A gangue que invadiu o consultório da dentista que Cinthya Magaly Moutinho de Souza já havia antes embebido suas vítimas em álcool, mas nunca havia acendido o isqueiro. Segundo o depoimento dos assassinos, um fato foi determinante na decisão, o que o tal menor sem nome e sem rosto narrou com frieza burocrática à polícia. Jonathan, o tal que conduzia o Audi da mãe no assalto, tinha saído com o cartão de banco de Cinthya para fazer um saque. Ao constatar que só havia R$ 30 na conta, ficou furioso e ligou para seus comparsas. Estes, mais irritados ainda, resolveram matar a dentista queimada. Decidiriam “isqueirá-la”. Os malditos já criaram até um verbo para o ato bárbaro.
Ou, como notou a minha mulher, eles não suportaram o fato de que a dentista que eles assaltavam era mais pobre do que eles próprios — que pobres não eram, é bom que fique claro. Eles não suportaram o fato de que aquela que eles assaltavam, e que ganhava a vida com o seu trabalho, tinha menos dinheiro do que eles próprios, canalhas que viviam do que arrancavam dos outros.
Se há alguma “luta de classes” nesse caso, como quer a delinquência moral pró-bandido que está presente em boa parte da imprensa brasileira, está no fato de que marginais endinheirados não toleraram o fato de encontrar pela frente uma vítima sem dinheiro. E aí eles a “isqueiraram”.

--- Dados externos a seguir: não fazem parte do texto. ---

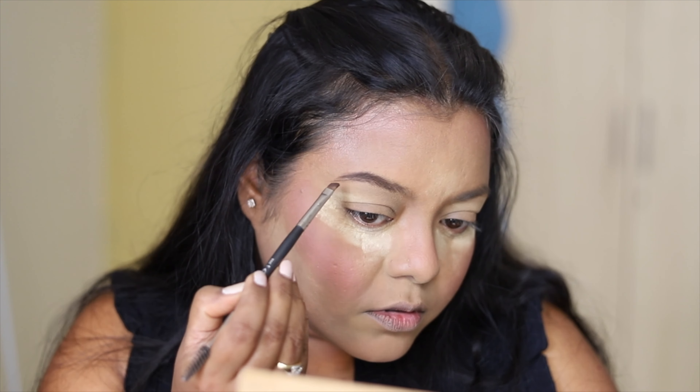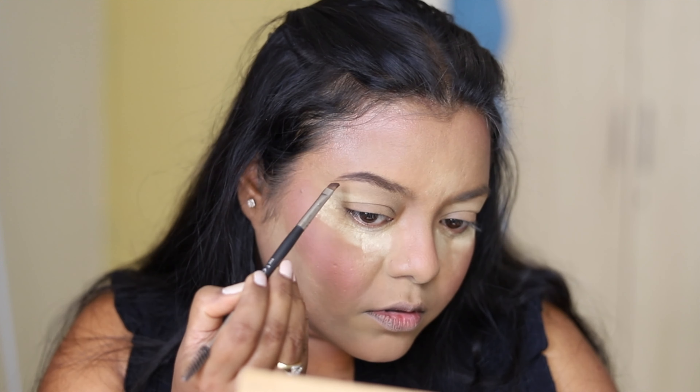Then I blended everything with the makeup sponge from Back Cosmetics. The sponge was picking up the excess blush. After that, I blended the concealer using the pointed end of the sponge. I'm having a little bit of a cold so my voice is very dull. Next, taking this Master Setter banana powder, I set my whole face using the applicator sponge that came with the powder, and then I baked my under eyes and below my cheekbones.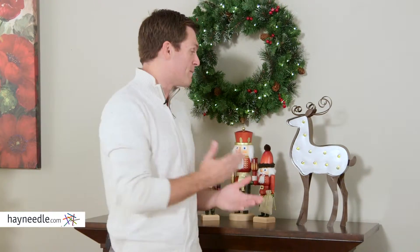Hi, I'm Mark with Hayneedle. Crafted with a metal and paper construction, the Metal Deer, while it makes a wonderful Christmas decoration, can actually cast a warm glow on your decor year-round. It runs on three AAA batteries, and while they're not included, you can find them and lots of seasonal decor at hayneedle.com.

Infelizmente, nem Cinthya nem Victor Hugo Deppman sobreviveram para escrever um texto para a Folha (ver post). Ele teve os miolos espalhados na calçada. Ela virou carne queimada em alguns minutos. Não tiveram tempo de passar pela ascese sociológica que, ao chamar justiça de vingança, advoga a impunidade e faz uma pacto com a bandidagem.